La Suisse est prête à superviser un investissement de 200 millions d’euros dans les Balkans occidentaux sous la forme d’un ambitieux projet scientifique et de recherche.

S’appuyant sur ce que l’on appelle « l’expérience de la diplomatie scientifique », le gouvernement suisse travaillera à l’Institut international des technologies durables de l’Europe du Sud-Est, la première grande infrastructure de recherche de la région.

Huit pays bénéficieront de l’initiative, dont l’Albanie, le Kosovo, la Serbie, la Bosnie-Herzégovine, la Slovénie, la Macédoine du Nord, la Bulgarie et le Monténégro.

Le nouveau laboratoire travaillera sur les avancées de la physique des particules dans les technologies médicales grâce aux faisceaux d’ions et de protons. Alors que la phase de conception du projet est terminée, des accords doivent encore être conclus sur une entité légale et sur l’endroit où elle sera construite.

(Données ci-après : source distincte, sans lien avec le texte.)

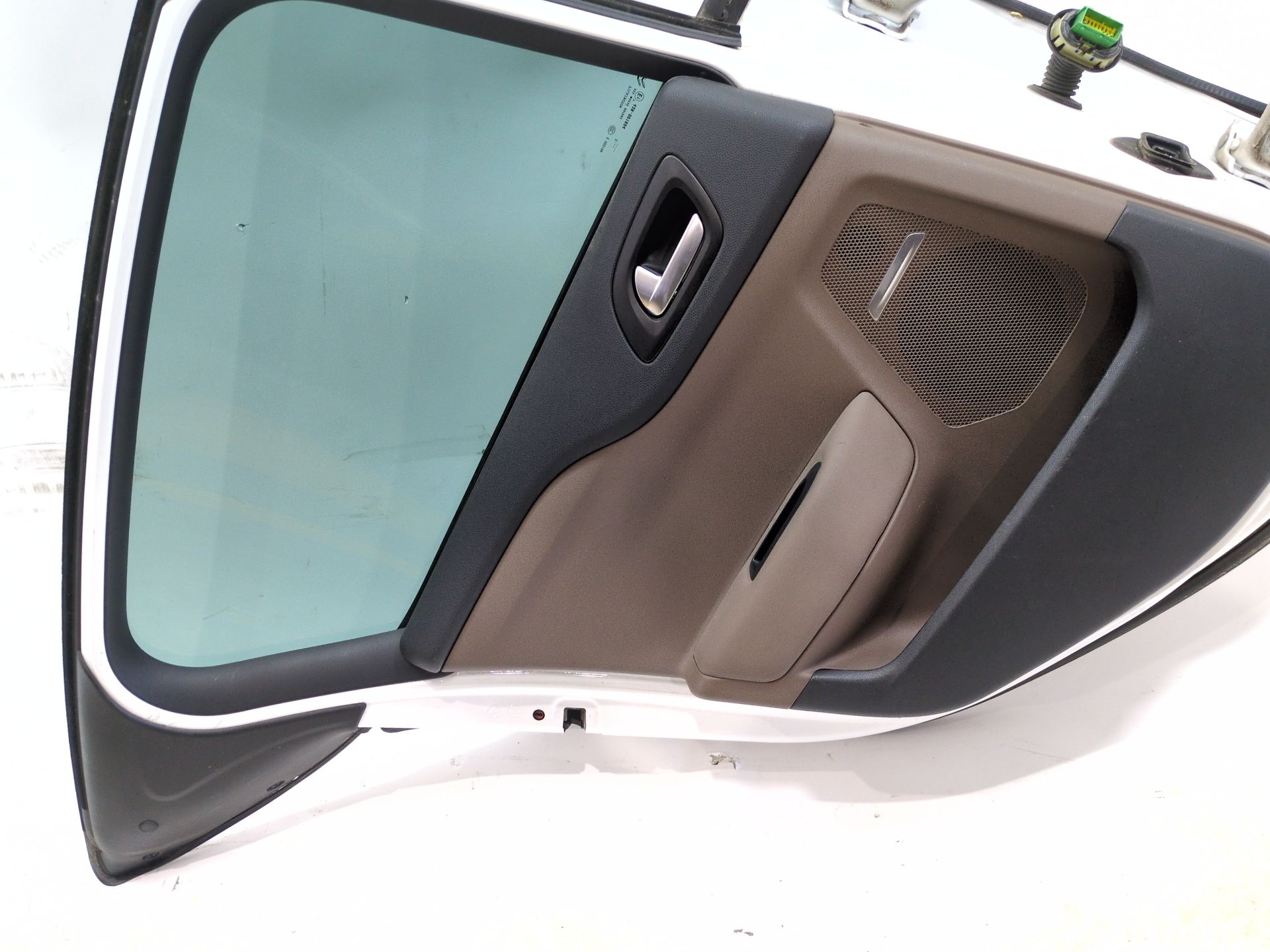 puerta_trasera_izquierda_9006s1_9006_s1_ewp_pintura_blanco_banquise_citr_n_ds4_nx_1_6_hdi_115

La Suisse supervisera la structure de gouvernance ainsi qu’un appel d’offres pour l’emplacement de la nouvelle installation. Le pays possède une vaste expérience dans la création de centres de recherche similaires et abrite le CERN, le plus grand laboratoire de physique des particules au monde.

Sanja Damjanovic, une physicienne monténégrine, a déclaré : « Les Balkans occidentaux ont un besoin urgent d’infrastructures de recherche à grande échelle. Il a ajouté que la diplomatie scientifique doit être au-dessus de toutes les différences politiques locales et doit survivre aux multiples changements de gouvernement.

En termes de provenance de l’argent, les fonds de cohésion de l’UE pour les Balkans occidentaux devraient en couvrir une grande partie, ainsi que les fonds de préadhésion de l’UE et les contributions des États membres.